The edtech sector in India has exploded in the recent past. Both consumption and investment have gone up significantly. Several apps and services are jostling for mind space. A study conducted by Gray Matters Capital (GMC), an impact investor improving access to affordable education, throws up some key trends defining the sector.
The report titled Efficacy of Mobile EdTech in India: Mapping User Engagement to Learning Outcomes reveals that BYJU'S (homegrown test preparation app) and Duolingo (global leader in app-based language learning) recorded the highest brand recall among education apps.
“This is indicative of the user focus on getting jobs or doing better in jobs with help of English, not just learning for the sake of it. On the other hand, for younger children, parents actively look for resources that will improve academic learning, especially reading ability,” the report explains.
The BYJU'S app has been downloaded over 30 million times on Google Play Store, while Duolingo has recorded more than 100 million downloads globally.
Interestingly, BYJU'S is now the world’s most-valued edtech company at $3.6 billion, a feat it achieved in 2018, after a $540 million funding round led by Naspers and Canada Pension Plan Investment Board. The homegrown unicorn is now looking to expand to the US, and acquire products that have a global reach.

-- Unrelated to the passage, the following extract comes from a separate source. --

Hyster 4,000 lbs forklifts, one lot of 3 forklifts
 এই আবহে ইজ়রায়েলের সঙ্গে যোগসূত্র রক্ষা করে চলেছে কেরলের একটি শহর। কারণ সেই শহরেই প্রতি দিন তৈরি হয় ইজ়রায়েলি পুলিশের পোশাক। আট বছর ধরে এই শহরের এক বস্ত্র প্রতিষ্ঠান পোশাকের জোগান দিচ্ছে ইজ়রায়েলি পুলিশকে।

The GMC report further reveals that Indians are now more ready to pay for education apps. As much as 89 percent of the 2,000 users surveyed were in favour of paid learning apps. Students in the age group of 18-25 preparing for competitive tests were open to paying Rs 100-250 per month for tutoring apps. Parents, on the other hand, were willing to shell out Rs 250 a month to “enhance their child’s learning through mobile-based applications”.
When it comes to the choice of apps, relevance (42.3 percent) and ease of use (26 percent) emerged as the top deciding factors for Indians. Also, about 70 percent preferred content in vernacular languages.
GMC also surveyed 42 education entrepreneurs in India and discovered that user engagement (40 percent), followed by the creation of personalised learning paths (31 percent) and monetisation (26 percent) are the top challenges they face. Customer acquisition too is a problem, especially for edtech startups without an app interface. Additionally, most users tend to shy away from downloading apps larger than 25MB.
Ragini Chaudhary, India CEO, Gray Matters Capital said, “We work with companies across the Education-Employability spectrum who are trying to bring improved learning outcomes and employment opportunities using both offline solutions along with digital mediums and mobile devices… If we could help them focus on just three things - improve the user engagement, help enhance monetisation and ensure optimisation of the performance, we could pave the way for more scale.”